Les ex-cadres de Swissair sont non seulement blanchis, mais recevront des indemnités. Seul accusé à risquer une peine de prison ferme, Mario Corti se verra ainsi allouer une indemnité de procès de quelque 488 000 francs. Un verdict qui fâche, mais qui ne surprend pas les experts, à l'instar du professeur de droit pénal Daniel Jositsch. "Une mauvaise gestion n'est pas pénalement répréhensible", explique-t-il à la chaîne alémanique SF1. Ce d'autant qu'aucun des dirigeants ne peut être accusé d'avoir sciemment provoqué la faillite de la compagnie. Quant aux indemnités octroyées, le professeur rappelle qu'"une personne acquittée devant la justice a droit à des dédommagements."

5. Comment la compagnie suscite toujours de la nostalgie?

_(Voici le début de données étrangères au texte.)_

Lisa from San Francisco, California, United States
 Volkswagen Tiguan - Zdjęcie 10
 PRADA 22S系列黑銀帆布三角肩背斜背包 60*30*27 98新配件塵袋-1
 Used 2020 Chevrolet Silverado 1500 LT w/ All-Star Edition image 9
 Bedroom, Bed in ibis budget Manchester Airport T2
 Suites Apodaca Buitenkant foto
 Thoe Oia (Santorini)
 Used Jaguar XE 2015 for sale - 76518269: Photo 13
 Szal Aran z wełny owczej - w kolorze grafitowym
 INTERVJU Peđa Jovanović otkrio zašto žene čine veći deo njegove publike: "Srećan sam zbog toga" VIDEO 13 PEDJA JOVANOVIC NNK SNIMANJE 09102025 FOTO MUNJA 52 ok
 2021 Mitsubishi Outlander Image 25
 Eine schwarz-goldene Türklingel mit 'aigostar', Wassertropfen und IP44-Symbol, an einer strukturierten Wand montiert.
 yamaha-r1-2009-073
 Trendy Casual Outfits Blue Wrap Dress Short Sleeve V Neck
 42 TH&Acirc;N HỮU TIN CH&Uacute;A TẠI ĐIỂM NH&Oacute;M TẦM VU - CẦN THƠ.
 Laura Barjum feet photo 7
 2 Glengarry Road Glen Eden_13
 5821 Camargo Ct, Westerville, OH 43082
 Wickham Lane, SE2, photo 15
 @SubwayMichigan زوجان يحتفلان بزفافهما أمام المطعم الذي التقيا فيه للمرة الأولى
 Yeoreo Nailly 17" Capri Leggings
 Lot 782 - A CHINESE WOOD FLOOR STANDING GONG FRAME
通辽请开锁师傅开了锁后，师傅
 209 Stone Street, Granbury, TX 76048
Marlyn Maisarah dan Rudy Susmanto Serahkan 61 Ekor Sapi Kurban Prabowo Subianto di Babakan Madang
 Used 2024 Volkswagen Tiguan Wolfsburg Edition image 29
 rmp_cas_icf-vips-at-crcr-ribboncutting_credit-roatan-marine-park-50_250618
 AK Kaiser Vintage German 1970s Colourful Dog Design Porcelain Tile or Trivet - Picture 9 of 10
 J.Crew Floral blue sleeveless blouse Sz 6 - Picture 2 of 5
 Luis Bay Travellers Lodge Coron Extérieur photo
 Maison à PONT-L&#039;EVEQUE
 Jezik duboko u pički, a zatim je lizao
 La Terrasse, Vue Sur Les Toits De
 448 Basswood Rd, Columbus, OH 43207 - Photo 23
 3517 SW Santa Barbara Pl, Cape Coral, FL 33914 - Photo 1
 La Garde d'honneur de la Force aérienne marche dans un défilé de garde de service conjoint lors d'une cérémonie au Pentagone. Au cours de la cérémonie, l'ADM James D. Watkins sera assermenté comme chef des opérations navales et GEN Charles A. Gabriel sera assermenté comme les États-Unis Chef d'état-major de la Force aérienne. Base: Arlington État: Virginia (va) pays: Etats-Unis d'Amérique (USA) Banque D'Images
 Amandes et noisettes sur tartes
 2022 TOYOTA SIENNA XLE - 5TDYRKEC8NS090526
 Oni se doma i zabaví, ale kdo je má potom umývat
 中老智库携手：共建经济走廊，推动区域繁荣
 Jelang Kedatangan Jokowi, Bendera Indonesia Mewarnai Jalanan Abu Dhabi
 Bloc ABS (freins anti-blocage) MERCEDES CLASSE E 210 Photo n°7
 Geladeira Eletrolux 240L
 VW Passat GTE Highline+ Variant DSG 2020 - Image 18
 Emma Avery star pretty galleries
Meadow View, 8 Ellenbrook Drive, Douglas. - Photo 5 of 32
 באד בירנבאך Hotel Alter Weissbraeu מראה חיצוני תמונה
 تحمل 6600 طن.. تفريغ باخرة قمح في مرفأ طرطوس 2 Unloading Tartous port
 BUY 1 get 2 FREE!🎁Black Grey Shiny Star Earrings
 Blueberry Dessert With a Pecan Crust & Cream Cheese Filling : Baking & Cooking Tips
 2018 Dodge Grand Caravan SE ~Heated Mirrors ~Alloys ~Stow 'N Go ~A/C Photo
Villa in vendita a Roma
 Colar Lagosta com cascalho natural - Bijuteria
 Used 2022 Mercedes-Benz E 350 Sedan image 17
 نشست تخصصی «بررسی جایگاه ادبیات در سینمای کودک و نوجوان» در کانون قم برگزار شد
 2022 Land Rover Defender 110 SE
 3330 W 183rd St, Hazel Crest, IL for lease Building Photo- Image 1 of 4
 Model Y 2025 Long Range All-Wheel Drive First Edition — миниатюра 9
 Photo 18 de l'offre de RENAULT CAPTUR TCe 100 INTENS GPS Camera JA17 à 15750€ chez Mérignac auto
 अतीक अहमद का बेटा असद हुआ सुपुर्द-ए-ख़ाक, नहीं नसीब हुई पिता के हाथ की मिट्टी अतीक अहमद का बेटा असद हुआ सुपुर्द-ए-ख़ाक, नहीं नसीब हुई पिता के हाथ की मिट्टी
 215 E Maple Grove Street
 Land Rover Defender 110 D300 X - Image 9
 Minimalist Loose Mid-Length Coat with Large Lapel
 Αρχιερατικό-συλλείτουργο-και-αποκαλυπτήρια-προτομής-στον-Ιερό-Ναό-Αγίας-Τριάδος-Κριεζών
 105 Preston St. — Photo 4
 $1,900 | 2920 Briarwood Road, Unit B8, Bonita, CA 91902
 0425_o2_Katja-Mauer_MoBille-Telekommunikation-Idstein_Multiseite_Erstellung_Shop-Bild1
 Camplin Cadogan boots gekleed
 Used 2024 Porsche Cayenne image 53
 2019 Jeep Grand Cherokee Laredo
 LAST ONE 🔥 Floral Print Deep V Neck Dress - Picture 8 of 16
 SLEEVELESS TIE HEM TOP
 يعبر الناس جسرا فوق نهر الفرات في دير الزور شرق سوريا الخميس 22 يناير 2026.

La compagnie aérienne Swissair était un mythe pour les Suisses, au même titre que fut la Pan Am pour les Américains. Née en 1931, elle a connu l'âge d'or de l'aviation, lorsque les métiers de pilote et d'hôtesse de l'air faisaient rêver les plus petits comme les plus grands.

 

Preuve que la compagnie s'est muée en mythe au fil des décennies, les objets liés à Swissair connaissent un fort engouement lors de la grande vente aux enchères qui a eu lieu en 2005, ainsi que le rapporte la NZZ. Depuis, il s'en tient d'ailleurs toujours une chaque année à l'aéorport de Zurich organisée par deux anciens stewards de la compagnie. "Nous sommes totalement dévoués à cette cause", racontent Thomas Mannhart et Simon Ludwig à 20 Minuten. Les deux hommes parcourent le monde sans relâche à la recherche d'anciens objets de cabine, tels que cravates, chariots, couverts et autres cafetières estampillés Swissair. Encore qu'il devient toujours plus difficile de trouver de nouveaux trésors. Toutes leurs trouvailles sont en vente sur leur boutique en ligne.

 

Notons encore qu'un club des anciens collaborateurs de Swissair a été créé en 2011, comme le révèle la radio alémanique SRF1. Il compterait près de 2000 membres à ce jour. Un exemple de plus que de nombreux employés sont eux aussi restés nostalgiques de la grande époque, bien que plusieurs d'entre eux aient perdu leur poste.

La disparition de ce mythe volant fut un tel choc que même les artistes s'en sont emparés. C'est le cas du cinéaste Michael Steiner, auteur du plébiscité "Mein Name ist Eugen" ("Mon nom est Eugène"), qui a décidé de raconter la chute de la compagnie dans un long-métrage sorti en 2006: "Grounding: die letzten Tage der Swissair" ("Grounding: les derniers jours de Swissair"). Ce thriller politico-économique confronte deux mondes: celui des dirigeants et celui des employés. Tandis que le directeur Mario Corti se démène pour sauver la compagnie face aux banques, UBS et Credit Suisse, qui refusent de lui accorder des crédits, les employés sont livrés à leur sort et voient leur vie soudain s'effondrer.